When you've been driving the same vehicle for some time, you get used to its quirks and the way it behaves. In this case, you will be able to tell if your braking system is working as it should simply by sensing the amount of pressure against your right foot. So, what happens if the pedal travels a little further than it usually does and is much "softer"? In this case, you may be suffering from an event known as brake fade, so what should you do?

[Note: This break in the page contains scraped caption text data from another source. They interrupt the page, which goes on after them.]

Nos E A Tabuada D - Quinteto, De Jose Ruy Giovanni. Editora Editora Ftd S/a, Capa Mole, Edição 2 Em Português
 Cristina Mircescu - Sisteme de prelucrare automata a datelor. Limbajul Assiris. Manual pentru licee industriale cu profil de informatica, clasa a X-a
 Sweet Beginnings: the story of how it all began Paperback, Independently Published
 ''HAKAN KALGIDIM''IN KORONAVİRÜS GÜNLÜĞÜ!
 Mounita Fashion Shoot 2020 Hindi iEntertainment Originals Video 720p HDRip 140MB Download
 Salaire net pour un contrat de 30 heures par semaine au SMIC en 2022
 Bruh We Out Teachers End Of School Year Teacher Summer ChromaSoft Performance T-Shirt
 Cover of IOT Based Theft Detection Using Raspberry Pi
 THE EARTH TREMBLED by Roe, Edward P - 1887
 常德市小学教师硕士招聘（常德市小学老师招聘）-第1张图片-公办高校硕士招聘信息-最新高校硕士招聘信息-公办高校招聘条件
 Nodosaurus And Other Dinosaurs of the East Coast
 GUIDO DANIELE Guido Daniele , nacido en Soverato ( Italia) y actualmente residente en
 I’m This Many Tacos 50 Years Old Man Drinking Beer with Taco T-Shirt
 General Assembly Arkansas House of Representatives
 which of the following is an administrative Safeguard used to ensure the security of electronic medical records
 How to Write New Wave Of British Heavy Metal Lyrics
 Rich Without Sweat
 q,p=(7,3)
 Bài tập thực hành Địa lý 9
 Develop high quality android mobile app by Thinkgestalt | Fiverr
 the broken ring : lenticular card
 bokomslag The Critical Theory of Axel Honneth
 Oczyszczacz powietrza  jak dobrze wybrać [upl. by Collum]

Compromised Hydraulic Pressure
When the brakes on your vehicle begin to wear out, they are losing their efficiency and often due to poor hydraulic pressure. As you may know, the system relies on hydraulic fluid that is pumped through to each wheel whenever you press that pedal. As the brake fluid is incompressible, it will apply the same level of force to the braking calliper as you apply to the pedal. It converts that force into pressure to push the brake pads against each rotary disc, thereby bringing the vehicle to a halt.
Reasons for Substandard Performance
If the fluid becomes contaminated, it will not be able to perform as intended. This can happen if any air gets into the system as it will also introduce moisture. Even the smallest amount of moisture can make a difference as it may tend to boil when temperatures reach their expected operating levels. The brake fluid itself is designed so that it does not boil in these conditions, and anything else will lead to inferior performance. So, any air or moisture in the brake fluid will lead to that soft or spongy pedal and deteriorate performance.
How Brake Fluid Becomes Contaminated
You may wonder how air could possibly get into the system. For example, a certain amount may penetrate when you open the filler cap to check the fluid level, or some of the brake hoses may start to degrade as time goes by, allowing some air, moisture or dirt to penetrate.
Taking Urgent Action
If you sense something is not quite right with your braking system, don't delay but take the vehicle to a mechanic as soon as possible. They will be able to change the brake fluid if needed and bleed the system to get rid of any unwanted air. This should restore everything to normal and give you a much firmer brake pedal once again.